Body Worlds 3 is edgier than Bodies, which latter I'd seen alone with Londoners, and with close family in Seattle.
Here at OMSI, where Tara and I joined LaJean and her young wards, missing Sam (at a funeral), the texts deal more directly with our attitudes towards death and with the history of anatomy as both an art and a science.
Today, anatomy as a process is done mostly behind closed doors in universities, perhaps on closed circuit television, with no public theater or broadcast channel venues.
But thanks to "plastination of the post-mortal form," the end results of anatomical dissections are once again open to public view, as is the case here, in our local Oregon Museum of Science and Industry, a favorite haunt of mine as a child, since even before it moved to its present location from the original site near the Oregon Zoo.
I hadn't been reading all the newspaper stories, so was surprised by the two camels, a huge adult plus the wee one.
One of the more confrontational exhibits is of a cadaver kneeling over a cross, with the text explicitly thanking the Christian religion for long ago authorizing and recognizing the legitimacy of the practice of anatomy, if carried out within certain guidelines.
That, plus the Renaissance willingness to check past authorities in light of bold, new, original empirical studies, are credited for giving us the practical sciences we rely on today to explain the body's mortality even while occasionally prolonging its ability to host life.

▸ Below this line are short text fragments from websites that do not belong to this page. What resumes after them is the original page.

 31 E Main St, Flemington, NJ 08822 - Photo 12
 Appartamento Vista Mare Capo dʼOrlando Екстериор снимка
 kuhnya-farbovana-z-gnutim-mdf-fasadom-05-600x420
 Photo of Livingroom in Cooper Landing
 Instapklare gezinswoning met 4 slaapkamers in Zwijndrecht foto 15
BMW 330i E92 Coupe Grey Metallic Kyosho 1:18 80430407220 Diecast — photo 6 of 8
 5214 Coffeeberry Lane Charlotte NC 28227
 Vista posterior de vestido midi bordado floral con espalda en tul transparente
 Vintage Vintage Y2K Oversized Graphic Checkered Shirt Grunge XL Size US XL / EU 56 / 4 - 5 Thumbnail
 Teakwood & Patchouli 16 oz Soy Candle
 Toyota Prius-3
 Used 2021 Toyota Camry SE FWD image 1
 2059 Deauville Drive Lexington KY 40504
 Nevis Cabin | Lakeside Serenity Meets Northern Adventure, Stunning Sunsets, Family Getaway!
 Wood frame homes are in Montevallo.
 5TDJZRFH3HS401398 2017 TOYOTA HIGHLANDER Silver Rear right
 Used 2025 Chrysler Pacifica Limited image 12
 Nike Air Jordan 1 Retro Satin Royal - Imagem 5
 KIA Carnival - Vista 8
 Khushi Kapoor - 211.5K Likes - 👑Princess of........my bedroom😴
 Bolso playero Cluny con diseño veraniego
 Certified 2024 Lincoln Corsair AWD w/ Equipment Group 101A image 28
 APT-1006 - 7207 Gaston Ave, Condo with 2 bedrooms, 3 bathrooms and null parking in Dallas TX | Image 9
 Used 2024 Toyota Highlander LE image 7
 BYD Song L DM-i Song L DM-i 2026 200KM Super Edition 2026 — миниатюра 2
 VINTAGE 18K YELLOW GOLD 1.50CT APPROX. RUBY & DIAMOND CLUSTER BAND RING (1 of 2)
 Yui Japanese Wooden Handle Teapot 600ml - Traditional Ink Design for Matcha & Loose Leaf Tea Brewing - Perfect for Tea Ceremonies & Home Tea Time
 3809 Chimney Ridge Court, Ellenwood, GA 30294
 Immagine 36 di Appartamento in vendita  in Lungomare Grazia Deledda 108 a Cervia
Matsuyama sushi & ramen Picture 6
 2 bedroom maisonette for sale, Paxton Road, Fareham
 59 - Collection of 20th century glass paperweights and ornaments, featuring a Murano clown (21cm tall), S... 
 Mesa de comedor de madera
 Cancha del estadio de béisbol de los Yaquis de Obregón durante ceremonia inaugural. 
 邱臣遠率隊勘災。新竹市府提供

Oregon Health Sciences University (OHSU) is a sponsor of this exhibit, seeing it as a way to recruit future health sciences professionals, including more computer scientists and engineers.
The exhibit texts mentioned other "memento mori" I'd toured during my boyhood in Italy, such as the Capuchins' charnal house in Palermo, Sicily, and their highly ornate ossuaries in the "bone church" (as I called it) along Rome's Via Veneto, near Piazza Barberini, which Frommer's current on-line guide book unkindly calls "one of the most horrifying sights in all Christendom."
I'm posting this to BizMo Diaries in part because I think of the human body as a "business mobile." Yes, it's recreational too (like an RV), but we're here in mortal form to get some serious work done, is my feeling.